Pulphead de John Jeremiah Sullivan

John Jeremiah Sullivan possède une qualité rare pour un écrivain, celle de savoir dire du bien de son sujet avec talent (il ferait fortune dans le créneau des biographies autorisées). Pour autant, au lieu d’en user avec parcimonie, c’est une tendance lourde chez lui.
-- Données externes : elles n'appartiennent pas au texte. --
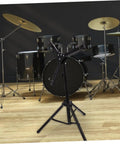 Rock Solid 12 Inch Adjustable Folding Drum Rack With Black Snare Stand and Smooth Height Adjustments For All Percussion Gear in a studio setting.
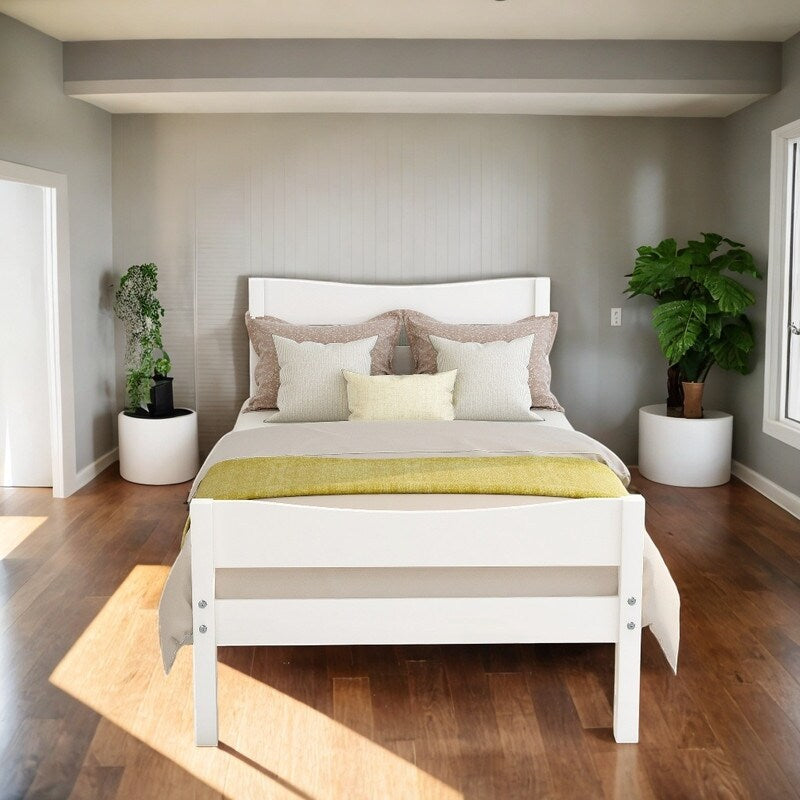 Twin Size Wooden Classic Platform Bed with Curve Headboard and Slat Support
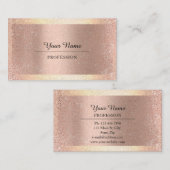 プロフェッショナルモダン金ゴールドグリッターミニマリズムバラ 名刺 (正面/裏面)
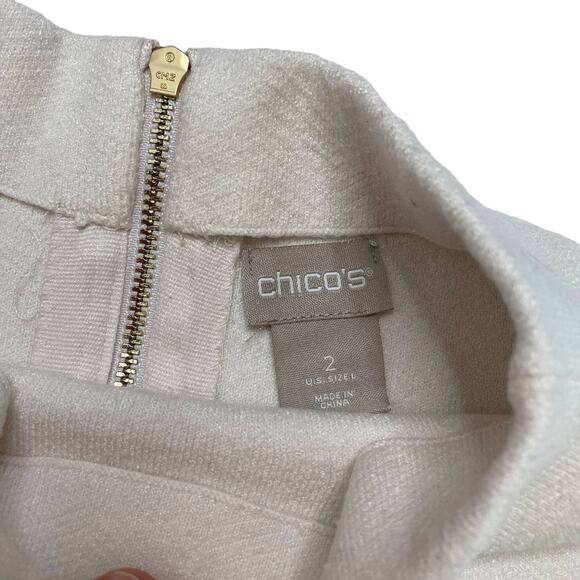 CHICOS Pale Pink Mock Neck Exposed Zipper Chevron Textured Sweater Size Large 2 - Picture 6 of 11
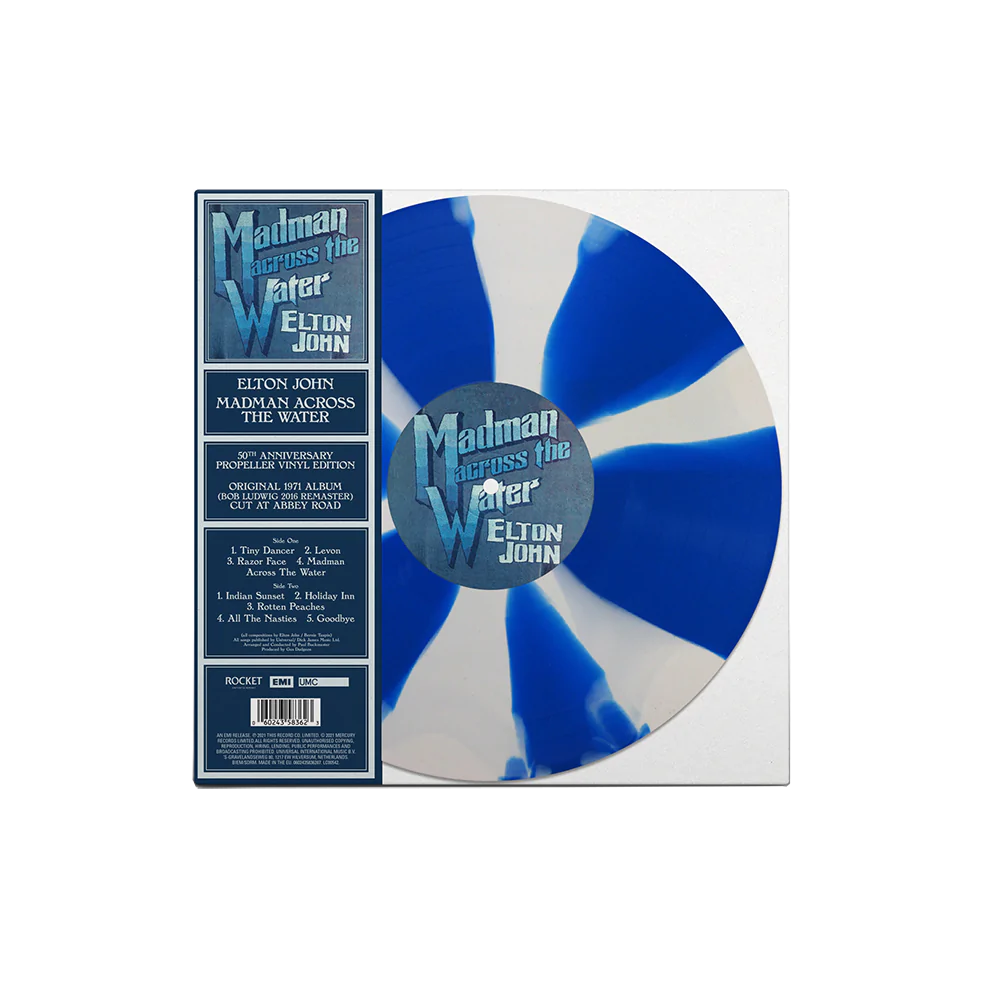 Elton John | Madman Across The Water: 50th Anniversary (Limited Edition, Blue & White Propeller Colored Vinyl) | Vinyl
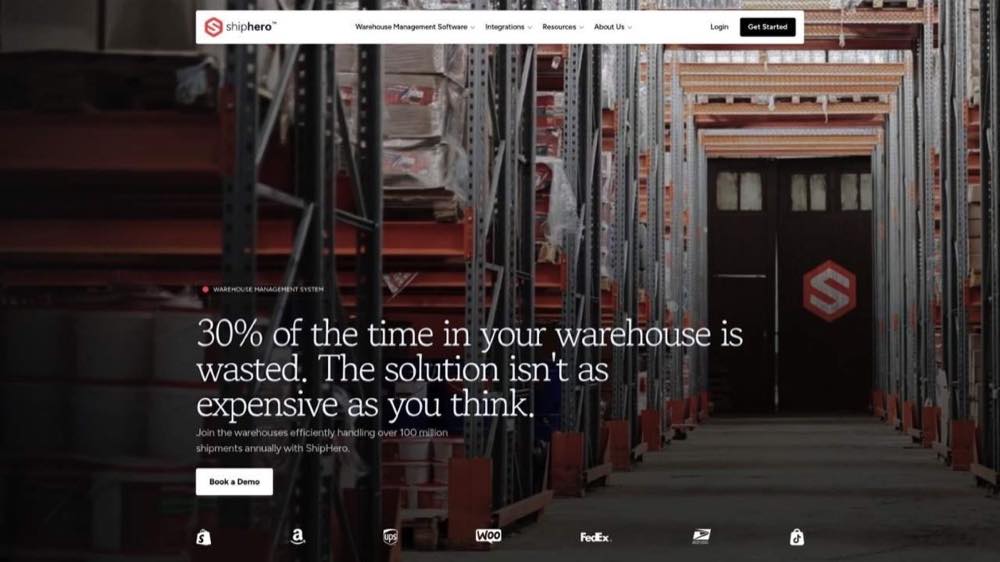 ShipHero warehouse management software homepage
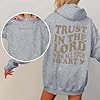 HUIFUAO Trust The Lord With All Your Heart Hoodies for Women UK Oversized Sweatshirts for Women Black Pullover Women With Pocket (A02-Grey, S) #1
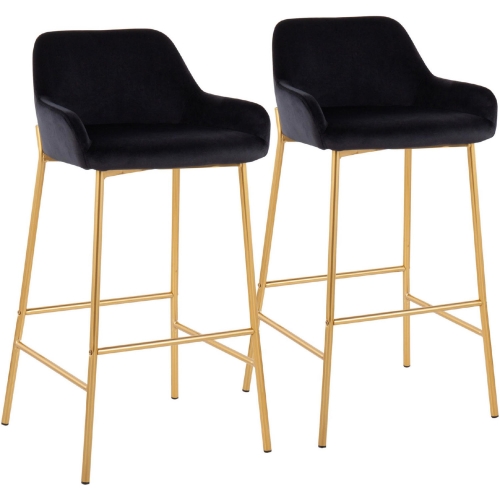 Daniella 30" Bar Stool in Black Velvet & Gold Metal (Set of 2)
Le plus souvent pour le meilleur.

Plus rarement pour le moins bon et la bienveillance coule le long de quelques chroniques comme d’un robinet l’eau tiède.

 

La singularité de son regard (ce n’est pas donné à tout le monde), le sens pertinent du détail dont il fait preuve dans des textes architecturés avec brio (parfois à l’excès), ne laissent pas de doute : on est en face d’un véritable écrivain qui n’est jamais condescendant avec les sujets qu’il traite.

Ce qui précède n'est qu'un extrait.